Fortescue rebounds on 53% profit jump

By Peter Ker

Fortescue Metal shares advanced after the company raised its net profit by 53 per cent even as iron ore prices slumped.

Full-year net profit came in at $US1.56 billion and built on the $800 million profit posted for the first half. The result topped the $US1.487 billion predicted by analysts.

Net profit for the six months to June rose to $US758 million from $US705 million a year earlier, as calculated by Reuters off full-year figures.
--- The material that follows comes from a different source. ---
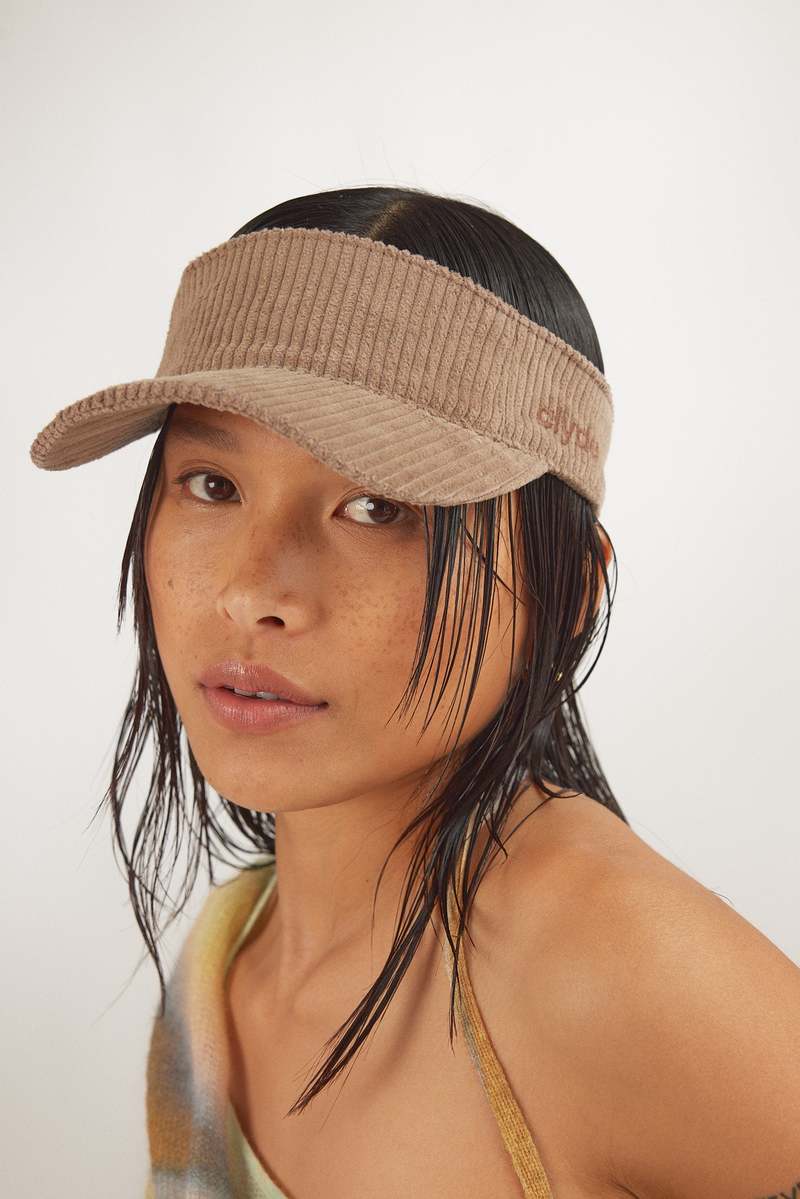 Sport Visor in Khaki Corduroy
Analysts had expected a second-half profit of $US716 million, according to Thomson Reuters I/B/E/S.

Fortescue shares ended the day up 9 cents, or 2.2 per cent, to $4.24.

The company, controlled by billionaire Andrew 'Twiggy' Forrest, will pay a 4-cent final dividend, adding to the interim dividend of 4 cents. Fortescue's 8 cent full-year dividend was up from the 7 cents paid for the previous financial year - the first time the company had returned cash to shareholders.

Fortescue will increasingly have to rely upon bigger volumes of exports to make sure its profits stay high, given that iron ore prices are already significantly lower than last year.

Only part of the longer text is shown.